Romankritik: Hotel du Lac (1984), von Anita Brookner – 6/10

Beim Einstieg übertreibt Anita Brookner die Heimlichtuerei: unentwegt vermisst die alleinreisende Hauptfigur Edith Hope einen gewissen David; und die Autorin deutet eine Missetat der Hauptfigur an (“that other business”), die ihre Flucht von England ins Genfer Hotel du Lac auslöst – Näheres erfährt der Leser erst ab Seite 118 von 184 in einer harten, überraschenden Rückblende. Dieses Kapitel 9 könnte auch ganz am Anfang stehen, vor dem Kapitel 1, dann wäre das Buch ordentlich chronologisch und ab Kapitel 2 fast frei von Handlung.

Vor Kapitel 9 passiert nichts, weder in allerlei kleinen Rückblenden noch in der erzählten Jetztzeit im plüschigen Hotel am Genfersee:

The afternoon continued golden and mellow. The beauty of this perfect day brought them all back to the terrace…

Das einzige Fast-schon-Ereignis: Spitze Schreie und schnelle Schritte auf dem Hotelflur – eine Spinne in der Suite der Damen Pusey, ein Galan eilt zu Hilfe.

Der leicht dröge Roman erhielt 1984 den Booker-Preis, wurde von Elke Heidenreich in der deutschen Ausgabe und von Anne Tyler in der New York Times gepriesen; er gehört laut englischer Wikipedia zu den zehn meistverkauften der 80er Jahre.

Nennenswerter Dialog bleibt rar, abgesehen von einem langen alkoholhaltigen Gespräch über das Wesen der Liebe und so weiter und so fort zur Buchmitte:

”You are wrong to think that you cannot live without love, Edith.“

Später folgen ähnlich gestelzte Wortwechsel über Männer, Frauen und Geld und über Eheschließung. Dialog ist nicht Brookners Stärke. Ihr stilistisches Können steckt Anita Brookner in nonchalante Beschreibungen, innere Monologe, nicht in Dialoge; immerhin gibt es ein paar aparte Einzeiler.

Stil:

Anita Brookner schreibt mit erlesener Ironie (“in the high summer of their self-esteem”) und schönen Gedanken: Hauptfigur Edith Hope beobachtet andere Hotelgäste, spekuliert über ihr Leben und gebietet sich dann Einhalt:

I must stop this, she said to herself. I do not have to make up their lives for them. They are in fact doing very nicely without me.

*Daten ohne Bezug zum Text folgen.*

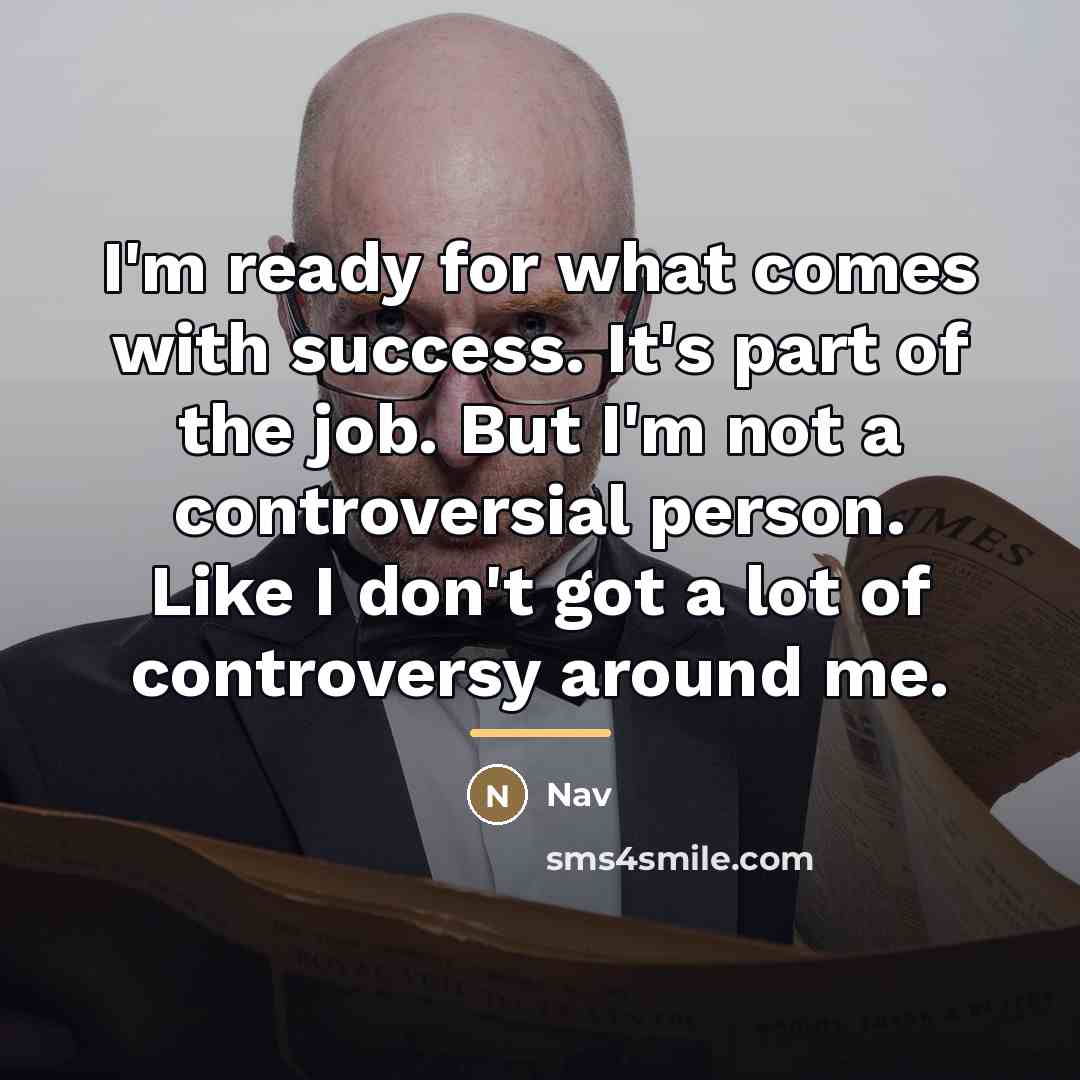 “I'm ready for what comes with success. It's part of…” quote by Nav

Die Erzählperspektive ist nicht ganz einheitlich: zumeist hören wir in der dritten Person aus der Perspektive von Edith Hope, doch gelegentlich blickt Anita Brookner auch in andere Köpfe (“thought Harold”). Dieser seltene Perspektivwechsel stört.

Brookner verwendet im englischen Original allerlei Wörter, die ich gerne nachgeschlagen habe, wie gamine, venery, gyneceum, rebarbative.